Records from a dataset

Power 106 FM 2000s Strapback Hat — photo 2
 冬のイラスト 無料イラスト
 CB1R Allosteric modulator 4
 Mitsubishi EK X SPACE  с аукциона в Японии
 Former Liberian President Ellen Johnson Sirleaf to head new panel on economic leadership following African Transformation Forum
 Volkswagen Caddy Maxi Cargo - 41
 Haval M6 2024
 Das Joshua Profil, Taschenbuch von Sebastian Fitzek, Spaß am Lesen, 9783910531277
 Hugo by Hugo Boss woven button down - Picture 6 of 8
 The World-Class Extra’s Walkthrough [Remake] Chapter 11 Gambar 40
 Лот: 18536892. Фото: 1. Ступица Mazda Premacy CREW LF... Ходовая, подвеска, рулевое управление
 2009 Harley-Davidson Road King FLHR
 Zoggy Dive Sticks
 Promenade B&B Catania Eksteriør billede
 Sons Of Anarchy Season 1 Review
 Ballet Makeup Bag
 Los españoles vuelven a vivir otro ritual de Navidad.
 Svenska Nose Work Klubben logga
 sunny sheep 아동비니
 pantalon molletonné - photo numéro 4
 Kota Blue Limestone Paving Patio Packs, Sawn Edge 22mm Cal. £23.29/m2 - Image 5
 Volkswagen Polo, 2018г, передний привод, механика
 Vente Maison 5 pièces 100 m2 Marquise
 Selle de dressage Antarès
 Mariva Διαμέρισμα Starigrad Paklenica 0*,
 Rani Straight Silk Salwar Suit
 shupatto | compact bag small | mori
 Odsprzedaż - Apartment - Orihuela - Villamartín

BRIEF ▸ From the line containing "Ballet Makeup Bag" down to the last line of the data above, copy every line exactly; leave out all other lines.

TASK RESPONSE ▸
 Ballet Makeup Bag
 Los españoles vuelven a vivir otro ritual de Navidad.
 Svenska Nose Work Klubben logga
 sunny sheep 아동비니
 pantalon molletonné - photo numéro 4
 Kota Blue Limestone Paving Patio Packs, Sawn Edge 22mm Cal. £23.29/m2 - Image 5
 Volkswagen Polo, 2018г, передний привод, механика
 Vente Maison 5 pièces 100 m2 Marquise
 Selle de dressage Antarès
 Mariva Διαμέρισμα Starigrad Paklenica 0*,
 Rani Straight Silk Salwar Suit
 shupatto | compact bag small | mori
 Odsprzedaż - Apartment - Orihuela - Villamartín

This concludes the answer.